A lot of the services jobs are in urban centres, whereas you need to create jobs across the country. Will it be easy? Certainly not, there is a journey to go through.

In wave two, even though there were local lockdowns, the industry was better prepared. For instance, the industry has created facilities to take better care of migrant workers so that they did not go back. Factories were safer than the communities outside, because strong protocols were in place.

The global economic conditions have also changed. Last time, globally, when everyone was dealing with a pandemic, the only country which had started recovering was China. This time you are already seeing the US recovering, Europe starting to come out and China back to pre-pandemic levels. A lot of stimuli has been announced by governments. So the global economic sentiment is more positive than it was when we came out of wave one.

In India, the rural markets led us out of wave one. This year we hope the same will happen. I think we are seeing some signs that the rural markets are not as bad as we feared a few weeks ago. With a good monsoon, we hope it will once again lead the recovery back to normal growth.

Business recovery seems swift, but certain sectors have been terribly affected, like hotels and aviation. Do you think any further stimulus package should be there on a sectoral basis?

The high contact sectors have been significantly impacted—aviation, restaurants, retail, travel and tourism. These are huge employment generators. They have already suffered for more than a year. The larger companies will survive, but the smaller ones will struggle. So we [need to] support them with specific initiatives which can help them, like bringing aviation fuel under GST and encouraging people who have been vaccinated to travel within India by giving incentives on leave travel concession.

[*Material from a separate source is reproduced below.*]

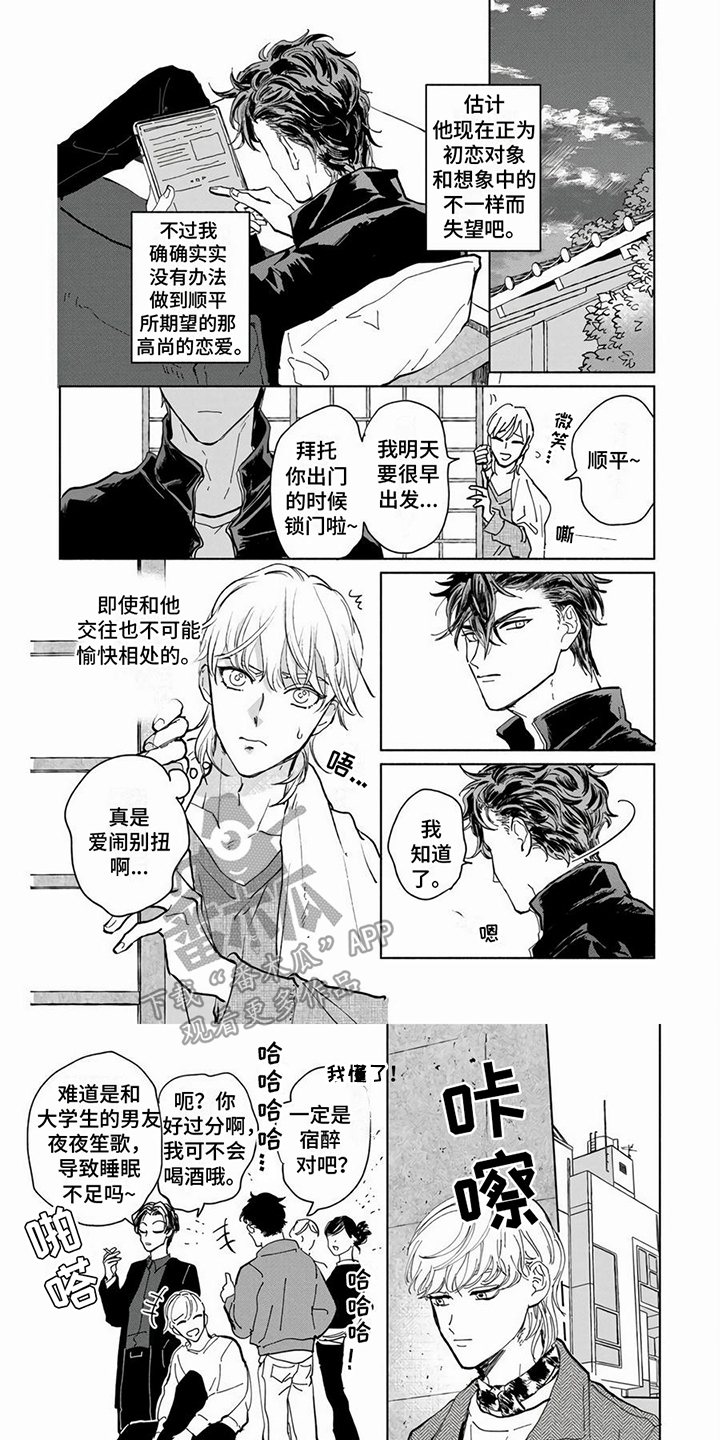 第8话0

We also have to make sure that the consumption economy is not impacted because people have spent more money than they had planned for medical expenditure. Can we have a 3 per cent GST cut for six months on consumer goods? Can we look at increasing the allocation for NREGA so that more money can flow to the rural economy? The other sector which struggled last year and is still struggling is MSMEs. So how can we continue to help them?

Perhaps the government would also like to move from being a service-oriented economy to a manufacturing economy.

It is important. A lot of the services jobs are in urban centres, whereas you need to create jobs across the country. Will it be easy? Certainly not, there is a journey to go through. The IT sector took off because we have a very good telecom network, so you did not have to navigate through the challenges of Indian roads and ports. That is why we have been encouraging the government to spend more on infrastructure. If you want manufacturing to be set up in India, we need to make sure that the competitiveness is not diluted outside the factories—you can have a world-class factory, but outside, they depend on the quality of the roads, the quality of the ports and so many other things.

The journey to having manufacturing from 15 (per cent of the GDP) to 25 (per cent, the government’s stated goal) is not easy, but it is essential. Otherwise, we will struggle to create jobs across the country.

Forecasts predict a post-pandemic boom.

When large economies like the US and China continue to spend their way out of trouble, the rest of the world will benefit. That is the reason for optimism. In India, if we get our reforms and policies right, and leverage the demographic advantage we have with our technical skills, we can create opportunities.

India has traditionally seen consumption-led growth. But now the government is spending a lot more on infrastructure than in the past. This infrastructure push and infrastructure-investment-led growth is also a force multiplier. So, if consumption-led growth continues and you have on top of that an infrastructure push, I think we are well-positioned to go up to the 9 per cent growth needed to hit the $5-trillion economy by 2025.